● DATA SUPPLIED
----------

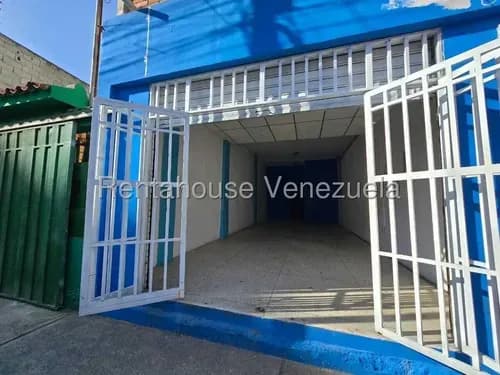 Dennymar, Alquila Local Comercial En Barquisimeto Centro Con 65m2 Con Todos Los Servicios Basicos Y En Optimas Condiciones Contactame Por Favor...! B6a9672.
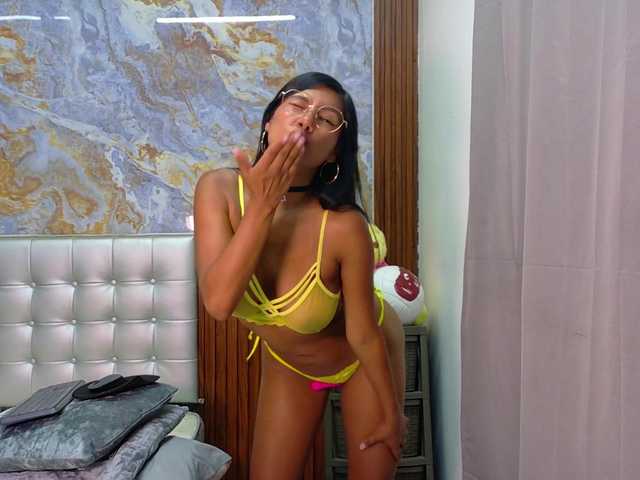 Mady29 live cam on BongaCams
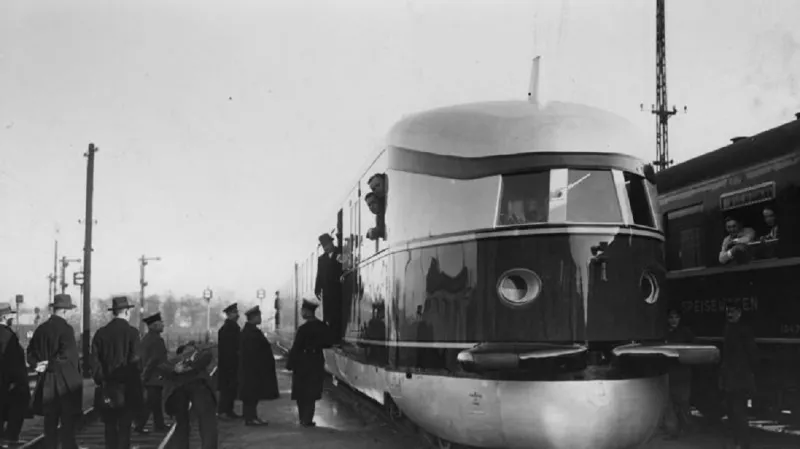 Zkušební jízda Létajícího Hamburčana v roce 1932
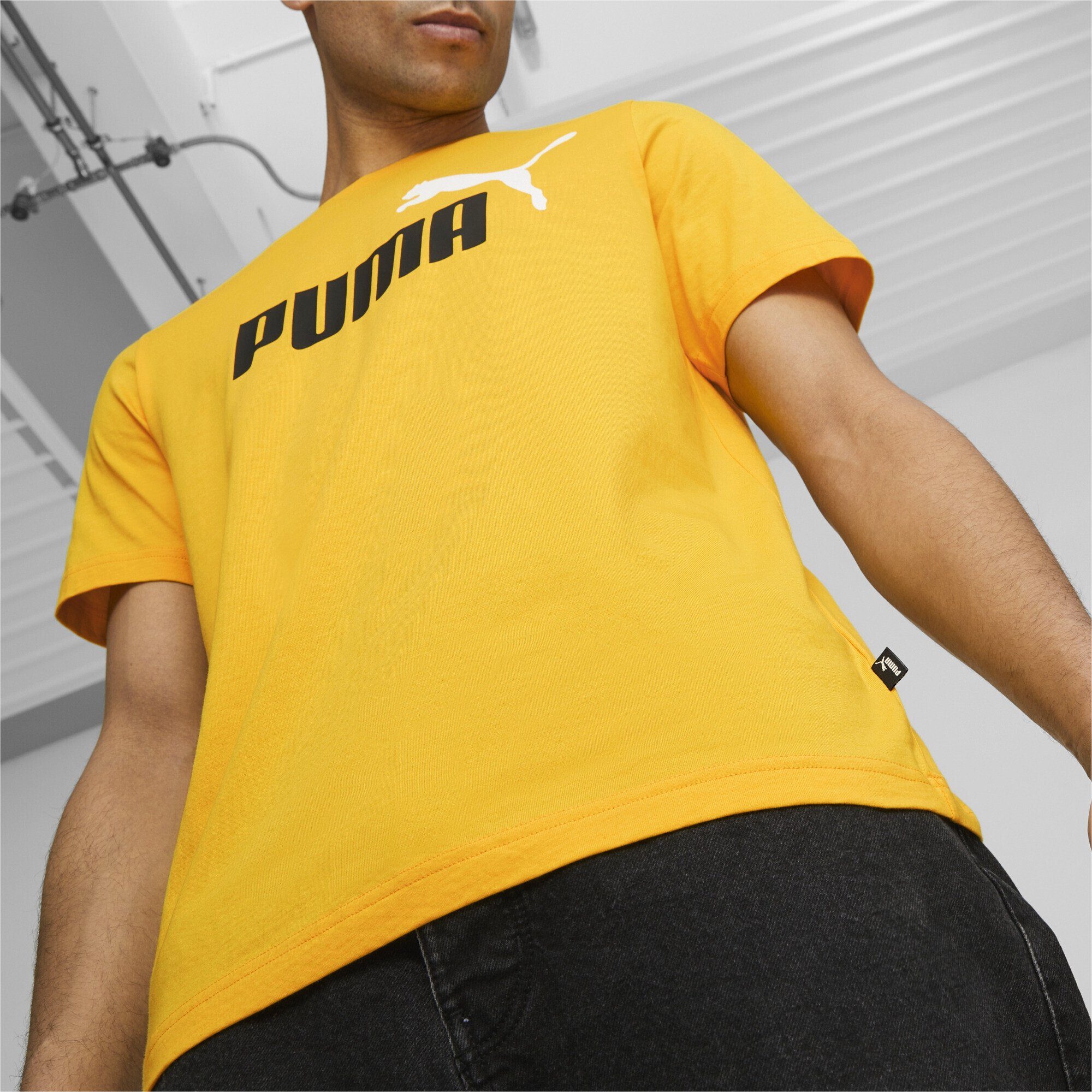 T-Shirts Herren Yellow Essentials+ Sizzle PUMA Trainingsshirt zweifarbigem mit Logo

----------

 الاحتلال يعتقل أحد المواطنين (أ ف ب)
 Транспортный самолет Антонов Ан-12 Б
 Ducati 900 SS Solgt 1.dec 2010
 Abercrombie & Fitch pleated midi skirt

----------

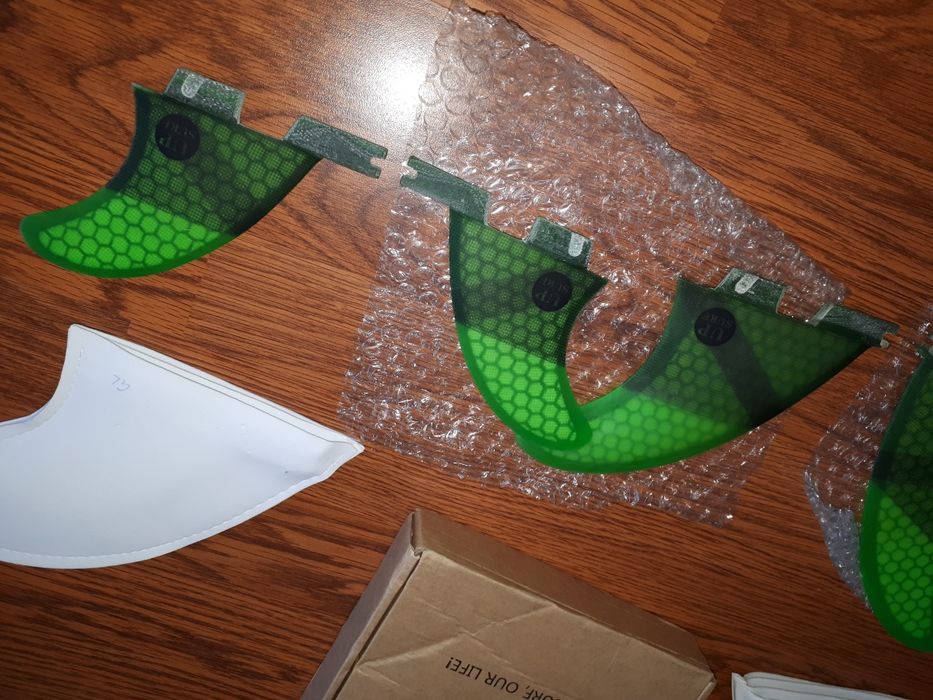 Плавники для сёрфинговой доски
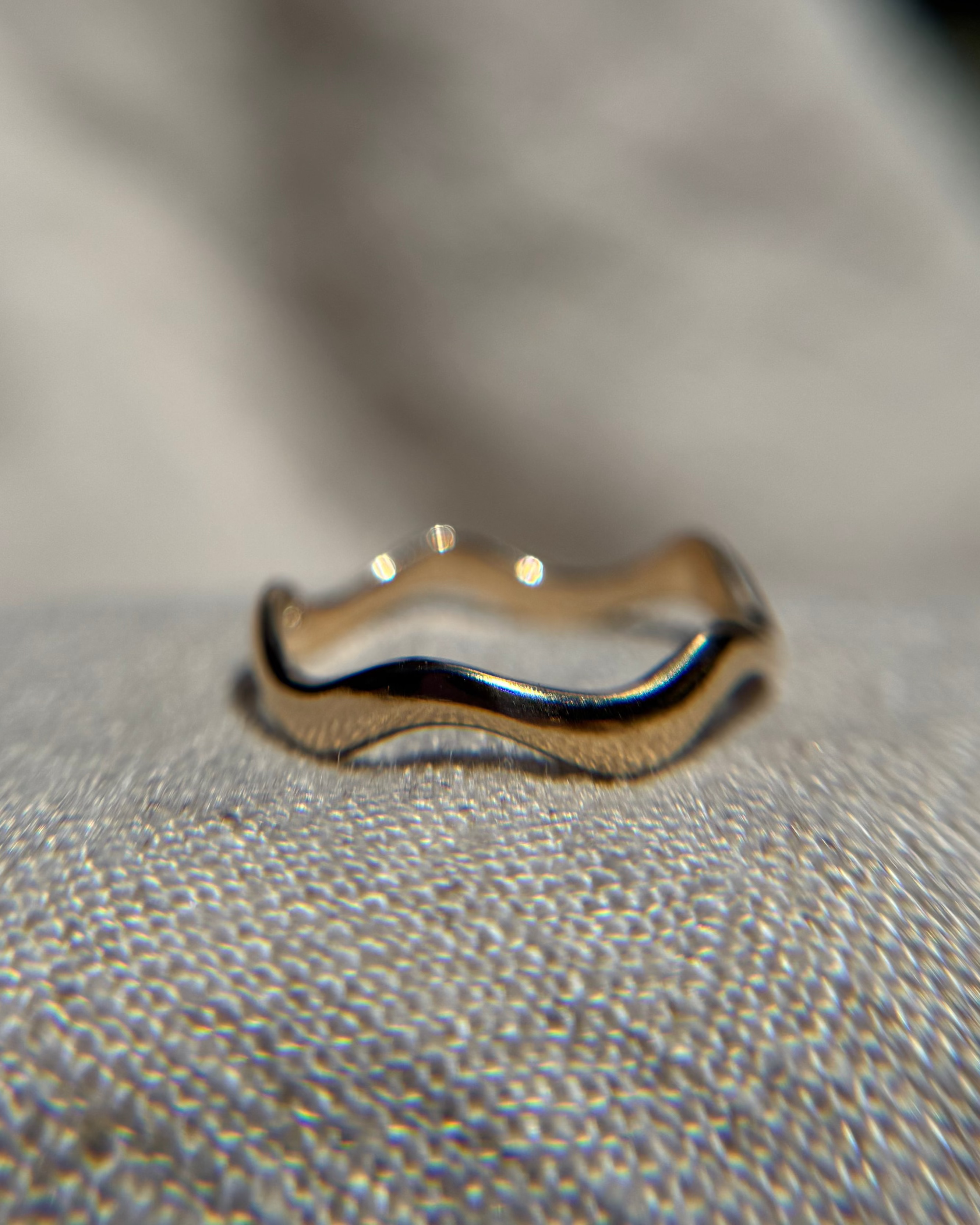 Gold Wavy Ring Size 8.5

----------

● TO DO
Start with the line with "Dennymar, Alquila Local" in the listing above and stop after the line with "T-Shirts Herren Yellow". Write out exactly the lines in that stretch and no others, without pictures.

● SOLVED PROBLEM
 Dennymar, Alquila Local Comercial En Barquisimeto Centro Con 65m2 Con Todos Los Servicios Basicos Y En Optimas Condiciones Contactame Por Favor...! B6a9672.
 Mady29 live cam on BongaCams
 Zkušební jízda Létajícího Hamburčana v roce 1932
 T-Shirts Herren Yellow Essentials+ Sizzle PUMA Trainingsshirt zweifarbigem mit Logo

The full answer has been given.